**The task**.
The answer must be the full listing, word for word, with no pictures in it.

**Dataset excerpt**.
↓↓↓

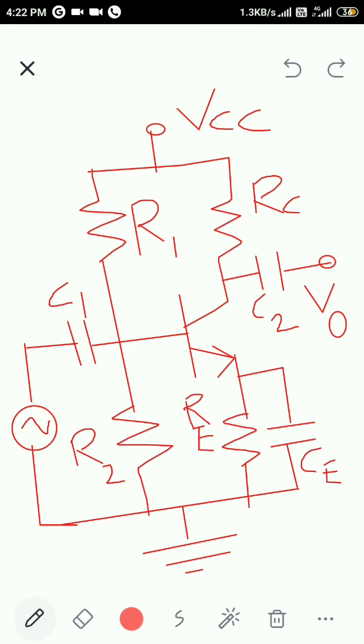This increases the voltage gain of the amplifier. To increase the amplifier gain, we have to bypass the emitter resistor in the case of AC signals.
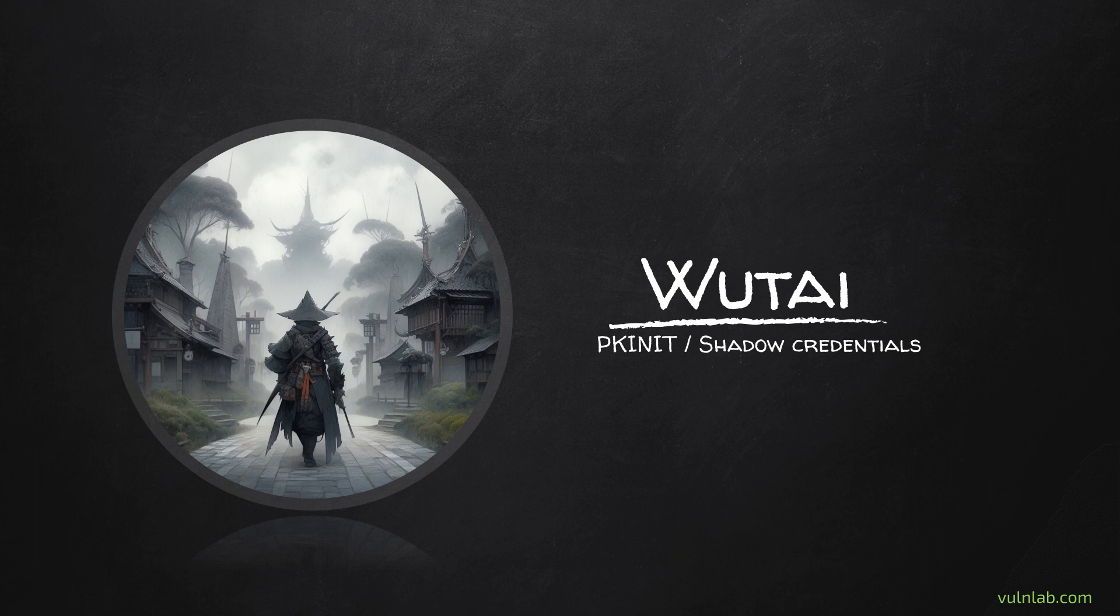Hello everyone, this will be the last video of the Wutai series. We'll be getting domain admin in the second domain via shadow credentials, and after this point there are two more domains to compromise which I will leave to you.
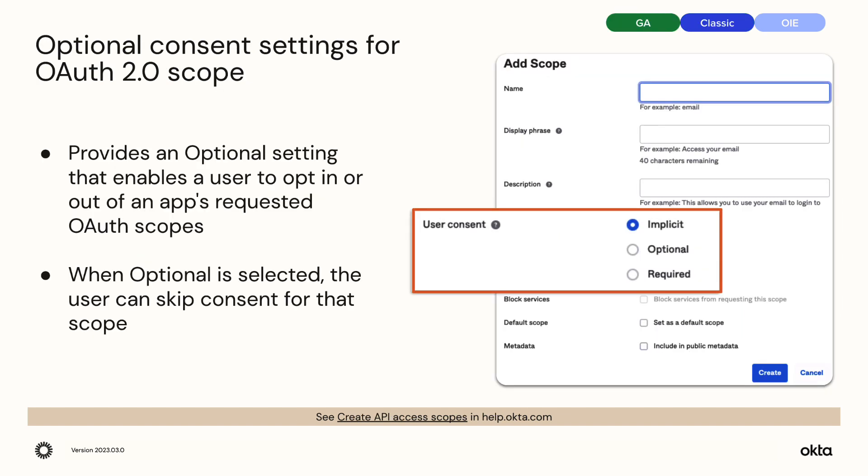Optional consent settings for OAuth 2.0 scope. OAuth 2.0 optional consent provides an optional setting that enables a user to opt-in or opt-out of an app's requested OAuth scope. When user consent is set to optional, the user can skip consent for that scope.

↑↑↑

**Expected answer**.
This increases the voltage gain of the amplifier. To increase the amplifier gain, we have to bypass the emitter resistor in the case of AC signals.
Hello everyone, this will be the last video of the Wutai series. We'll be getting domain admin in the second domain via shadow credentials, and after this point there are two more domains to compromise which I will leave to you.
Optional consent settings for OAuth 2.0 scope. OAuth 2.0 optional consent provides an optional setting that enables a user to opt-in or opt-out of an app's requested OAuth scope. When user consent is set to optional, the user can skip consent for that scope.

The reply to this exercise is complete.